Il nodo degli energetici
Il dato avrebbe poturo essere migliore se i prezzi dei beni energetici regolamentati fossero stati più contenuti e invece hanno segnato rincari che oscillano tra il +57,9% e il +70,3%. Non accennano a diminuire anche i prezzi dei beni alimentari lavorati (da +14,3% a +14,9%), di quelli dei servizi ricreativi, culturali e per la cura della persona (da +5,5% a +6,2%) e dei servizi relativi alle comunicazioni (da +0,2% a +0,7%).
L’elemento che resta preoccupante è che l’inflazione di fondo (ovvero quella al netto di energetici e alimentari freschi) accelera dal +5,6% a +5,8% ed è proprio questo il dato cui la Bce guarda per valutare e decidere eventuali mosse di politica monetaria.
Cosa pesa di più nel carrello degli italiani
A registrare la variazione tendenziale maggiore è ancora una volta la voce abitazione, acqua, elettricità e combustibili: +54,5%. Seguono i prodotti alimentari e bevande (+13,1%) e i servizi ricettivi e di ristorazione (+8,1%) e i mobili, articoli e servizi per la casa (+7,6%).
L’istituto nazionale di statistica spiega che “Nel 2022 i prezzi al consumo hanno registrato una crescita in media d’anno di +8,1%, segnando l’aumento più ampio dal 1985 (quando fu pari a +9,2%).
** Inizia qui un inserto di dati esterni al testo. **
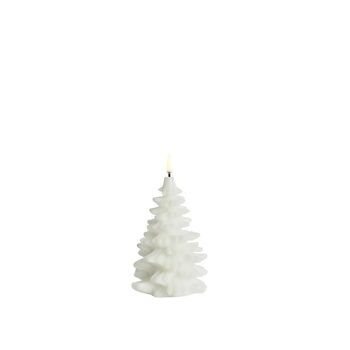 Bougie Led Sapin de Noël Blanc Uyuni 10x15cms 1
In base alle stime preliminari l’inflazione acquisita, o trascinamento, per il 2023 (ossia la crescita media che si avrebbe nell’anno se i prezzi rimanessero stabili fino al prossimo dicembre) è pari a +5,1%, ben più ampia di quella osservata per il 2022, quando fu pari a +1,8%”.
Torna a crescere il potere d’acquisto delle famiglie
Torna a riprendere lentamente quota anche potere d’acquisto delle famiglie sebbene ancora frenato dai prezzi. Nel terzo trimestre 2022 infatti il reddito delle famiglie consumatrici è aumentato in termini nominali dell’1,9% rispetto al trimestre precedente, mentre i consumi finali sono cresciuti del 4,1%. Il potere d’acquisto delle famiglie, frenato dalla crescita dei prezzi, è tuttavia cresciuto sul trimestre precedente dello 0,3%. In un simile contesto non può che diminuire anche la propensione al risparmio stimata al 7,1%, in calo di 1,9 punti rispetto al trimestre precedente.
Cosa succede in Europa
Il trend italiano è in linea con il calo generico dell’inflazione in tutta la zona euro dove la crescita dei prezzi rallenta in Spagna, Germania e Francia sebbene a ritmi più sostenuti rispetto all’Italia. A dicembre, infatti, il tasso di inflazione si è assestato al 5,8% in Spagna, al’8,6% in Germania mentre non ha superato il 5,9% in Francia. In calo anche l’inflazione in Portogallo dove è passata al 9,6% rispetto al +9,9% di novembre).